L’arrêt rendu dans l’affaire Xero Flor w Polsce sp. z o.o. contre la Pologne ne traite pas d’une simple affaire de gazon. En effet, la Cour européenne des droits de l’homme y évoque davantage l’État de droit que la question de l’indemnisation demandée par la société. La Cour considère, à l’unanimité, qu’il y a eu violation de l’article 6 de la Convention européenne des droits de l’homme en ce qui concerne le droit à un procès équitable et le droit d’être jugé par un tribunal indépendant et impartial établi par la loi.

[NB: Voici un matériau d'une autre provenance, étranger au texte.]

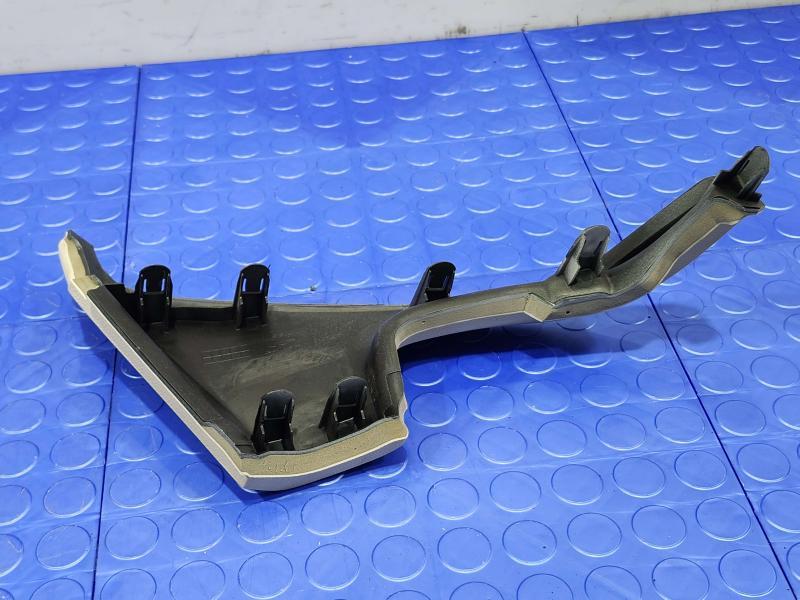 2015 Nissan Murano Misc Ebay Parts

L’arrêt ne dit pas que la Cour constitutionnelle polonaise est purement et simplement illégale, mais pointe du doigt le collège spécifique qui a traité l’affaire, en raison de la nomination « irrégulière » de l’un des juges qui le compose. Le juge M.M. a été élu par le Sejm (la chambre basse du Parlement polonais), alors que le poste avait déjà été pourvu par un autre juge élu par le Sejm précédent. Dans son arrêt, la CEDH écrit: « la Cour a constaté que le président de la Pologne avait refusé de faire prêter serment à trois juges qui avaient été légalement élus en octobre 2015 par l’ancien Sejm ».
Il ne s’agit cependant pas d’un cas isolé selon le professeur Pech, qui parle depuis longtemps de « fake judges » (faux juges) : les individus nommés dans les tribunaux ordinaires polonais et aux postes de la Cour suprême sur la base de la loi polonaise du 8 décembre 2017 modifiant la loi sur le Conseil national de la magistrature, les individus nommés à la Cour constitutionnelle, ainsi que le président de ladite Cour, ne peuvent être considérés comme de véritables juges.
Selon cette interprétation, toutes les décisions de la Cour constitutionnelle polonaise devraient être considérées comme invalides, car les autorités polonaises ont violé de manière répétée et délibérée la Constitution polonaise et le droit européen.
L’arrêt de la CEDH s’inscrit dans le cadre du (faible) bras de fer qui oppose la Commission européenne et le gouvernement polonais concernant ses tentatives répétées de maintenir le pouvoir judiciaire sous contrôle politique. Dernier rebondissement dans le cadre de ce démêlé : la décision de la Commission de traduire la Pologne devant la Cour de justice de l’UE en raison de l’existence d’une chambre disciplinaire qui « porte gravement atteinte à l’indépendance des juges et à l’obligation d’assurer une protection juridique efficace, et donc à l’ordre juridique de l’UE dans son ensemble » (ce qui se réfère à la loi polonaise du 14 février 2020, officieusement appelée « loi muselière »).
Le professeur Pech évoque l'(in)action de la Commission et du Conseil, affirmant que la Commission a systématiquement agi trop faiblement et trop tard, et que le Conseil a systématiquement échoué à agir de manière significative, allant jusqu’à dire que l’inaction de ces deux institutions européennes peut être considérée comme une négligence.
Bien que la Pologne se soit clairement prononcée en faveur des droits de l’opposition biélorusse (dans une optique anti-russe), le pays, sous la direction du parti ultra-conservateur et nationaliste Droit et justice (PiS), recule sur les droits des femmes, et plus particulièrement sur la question de l’avortement, sur la liberté de la presse, les droits des migrants et ceux de la communauté LGBT*. Avec la Hongrie de Viktor Orbán, la Pologne en est arrivée à menacer de bloquer le fonds de relance européen Next Generation EU, précisément à cause de la question de l’État de droit.